WAIS servers can run on UNIX systems, Windows NT, and Windows. Remember that a UNIX system doesn't have to be a large machine. Linux is one version of UNIX that runs on 386 PCs, and Macintoshes can also run a form of UNIX as their operating system. These can give you a relatively inexpensive platform from which to run a UNIX-based WAIS server.
Like Gopher and WWW servers, setting up a WAIS server is a two-part process, installing the server and adding the data, documents, or images it will serve. With Gopher servers data preparation is a simple matter of putting the data, document, and image files into the data directory. Web servers require the additional task of writing HTML code to format the documents you want to go out. Indexing for both Gopher and WWW servers is optional.
But indexing is what WAIS servers are all about. WAIS servers don't deal with documents--they deal with the indexes to those documents. If they aren't indexed, they aren't available. And unfortunately, indexing is not always a simple matter, as we'll see.

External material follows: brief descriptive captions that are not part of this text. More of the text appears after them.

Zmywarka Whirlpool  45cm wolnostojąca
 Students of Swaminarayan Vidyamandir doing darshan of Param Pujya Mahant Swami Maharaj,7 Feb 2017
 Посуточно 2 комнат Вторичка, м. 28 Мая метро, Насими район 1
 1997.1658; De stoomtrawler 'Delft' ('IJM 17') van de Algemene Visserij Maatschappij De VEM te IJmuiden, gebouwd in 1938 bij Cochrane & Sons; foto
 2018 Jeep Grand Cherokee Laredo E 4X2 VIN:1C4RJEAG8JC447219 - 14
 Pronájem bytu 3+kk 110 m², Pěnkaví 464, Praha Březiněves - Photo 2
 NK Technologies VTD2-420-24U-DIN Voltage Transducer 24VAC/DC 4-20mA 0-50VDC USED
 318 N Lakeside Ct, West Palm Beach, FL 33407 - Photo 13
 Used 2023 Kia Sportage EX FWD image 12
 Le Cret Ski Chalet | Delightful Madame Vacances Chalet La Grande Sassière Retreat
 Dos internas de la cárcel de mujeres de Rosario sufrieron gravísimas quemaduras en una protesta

But first let's get the various pieces installed.
We'll use freeWAIS-sf 1.1 as an example. It is a free WAIS server for UNIX machines, and it has some advanced features, including the ability to search structured fields. It is an enhancement of the original version of freeWAIS and was written by Ulrich Pfeifer and Tung Huynh of the University of Dortmund, Germany.
The installation process consists of running a configuration script that checks out the kind of UNIX system you have. Then you run the UNIX make utility to build the WAIS programs: waisserver, waisindex, waissearch, and waisq. Installation also provides for storing UNIX online documentation files (called man pages) in appropriate directories. Here's what the various programs that are part of freeWAIS-sf 1.1 do:
After you have tested your server and pronounced it ready for use, you set it up to be ready and waiting at all times. You can do this either by using inetd or by running it as a stand-alone program. See the discussion on inetd versus local in Chapter 4, because the same concerns apply here (inetd applies only to UNIX). Basically, inetd starts up only when a request comes through; it doesn't waste system resources by waiting, but its startup is slower. Running the WAIS server in standalone mode gives the quickest response because the software is always running. Check the WAIS server documentation for further considerations.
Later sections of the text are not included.